È di tutta evidenza come non sia affatto indifferente se, nel contesto della sfida epocale della transizione ecologica e delle strategie per contrastare il climate change, a prevalere sia l’uno o l’altro approccio. Anzi, diciamo le cose come stanno: il primo approccio è giusto, il secondo sbagliato. E il motivo è presto detto: checché ne dicano gli ultras di ieri e di oggi dell’uomo di Treviri, i fatti dimostrano che si deve al capitalismo, come giustamente sottolinea Stagnaro, «la più straordinaria esplosione di benessere diffuso che si sia mai vista durante l’intera storia umana, e che oggi ci sta mettendo a disposizione la cassetta degli attrezzi di cui abbiamo bisogno».

Un posto migliore

Leggere per credere, tra gli ultimi contributi, La grande ricchezza. Come libertà e innovazione hanno reso il mondo un posto migliore, di D. N. McCloskey con A. Carden. «La vera minaccia – scrivono gli autori – non è il cambiamento climatico, ma la sua paura può ispirare sciocche proposte populiste… Noi vogliamo davvero migliorare il mondo tramite invenzioni in grado di superare la prova del mercato, rendendo i poveri più ricchi (è già accaduto) e riducendo le diseguaglianze (già accaduto anche questo)».

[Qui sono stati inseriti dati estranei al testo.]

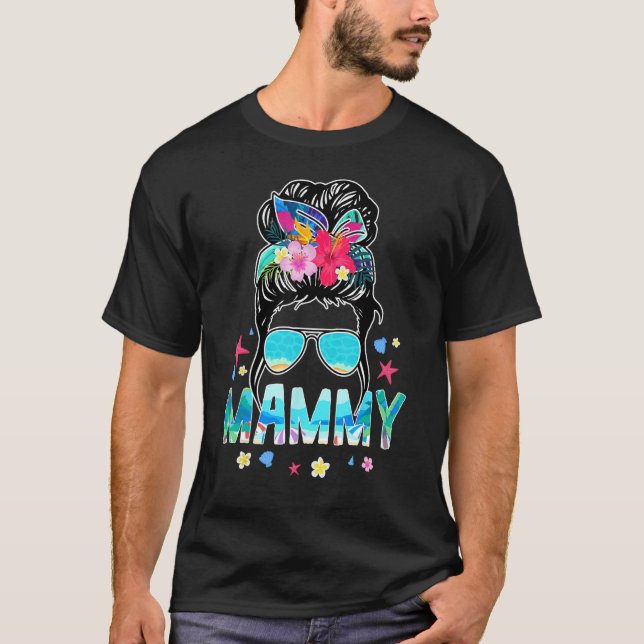 Mammy Hello Summer Beach  Messy Bun Summertime T-Shirt (Front)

Bene dunque a combattere con tutti i mezzi il cambiamento climatico facendo ciascuno la sua parte. Occhio però a non buttare il bambino con l’acqua sporca. Come ha scritto qui Leone Grotti, «fare retorica sulla fine del mondo è sempre sconsigliato quando subentra con prepotenza il tema della fine del mese». Prendere nota, grazie.